Materials provided
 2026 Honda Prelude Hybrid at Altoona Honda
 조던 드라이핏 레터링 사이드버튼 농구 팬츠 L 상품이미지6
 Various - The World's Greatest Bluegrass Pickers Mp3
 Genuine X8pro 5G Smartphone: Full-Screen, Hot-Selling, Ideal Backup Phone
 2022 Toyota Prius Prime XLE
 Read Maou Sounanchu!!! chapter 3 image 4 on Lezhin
--
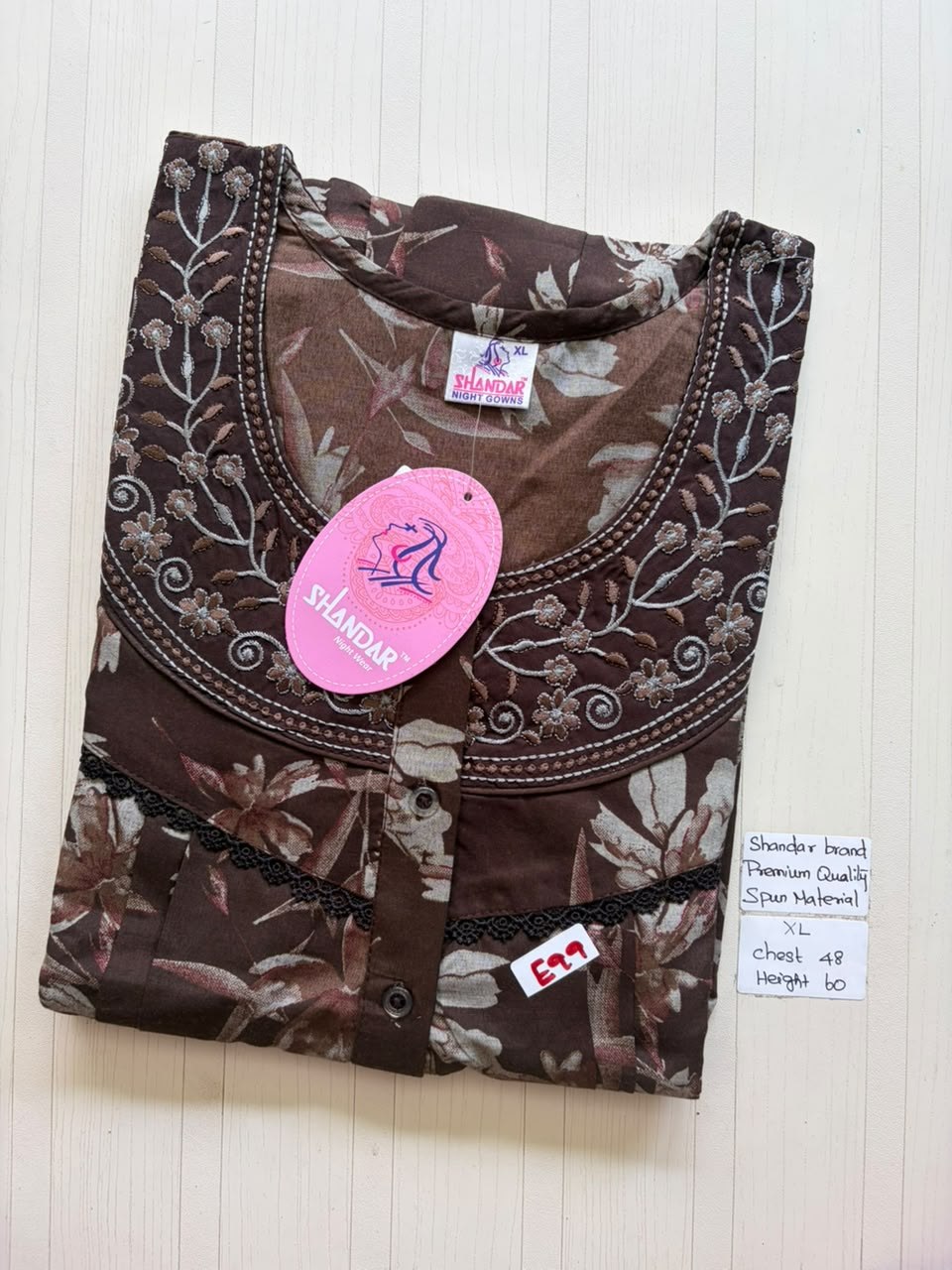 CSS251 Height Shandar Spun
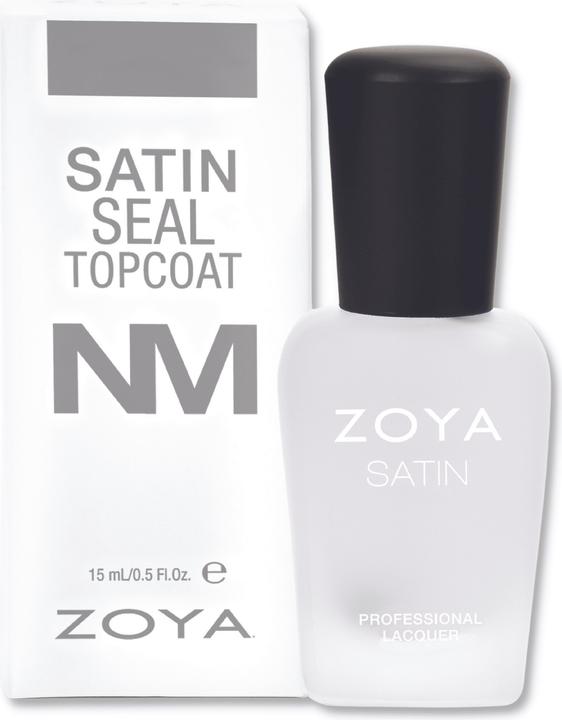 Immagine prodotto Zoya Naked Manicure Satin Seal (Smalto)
...
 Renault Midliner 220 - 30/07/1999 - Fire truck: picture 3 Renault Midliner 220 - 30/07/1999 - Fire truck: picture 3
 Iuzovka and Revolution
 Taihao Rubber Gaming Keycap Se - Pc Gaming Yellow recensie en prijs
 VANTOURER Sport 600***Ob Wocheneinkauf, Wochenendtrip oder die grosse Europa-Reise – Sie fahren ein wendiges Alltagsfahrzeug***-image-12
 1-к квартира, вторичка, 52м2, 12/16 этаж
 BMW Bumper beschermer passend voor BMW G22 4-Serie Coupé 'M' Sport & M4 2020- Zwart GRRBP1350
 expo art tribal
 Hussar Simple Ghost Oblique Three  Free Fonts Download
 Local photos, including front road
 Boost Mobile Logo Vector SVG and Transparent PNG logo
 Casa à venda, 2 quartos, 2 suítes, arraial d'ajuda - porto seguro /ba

Instructions for the task
Using the records above, copy word for word the line with "2026 Honda Prelude Hybrid at Altoona Honda", the line with "Read Maou Sounanchu!!!", and every line between them.

Written answer
 2026 Honda Prelude Hybrid at Altoona Honda
 조던 드라이핏 레터링 사이드버튼 농구 팬츠 L 상품이미지6
 Various - The World's Greatest Bluegrass Pickers Mp3
 Genuine X8pro 5G Smartphone: Full-Screen, Hot-Selling, Ideal Backup Phone
 2022 Toyota Prius Prime XLE
 Read Maou Sounanchu!!! chapter 3 image 4 on Lezhin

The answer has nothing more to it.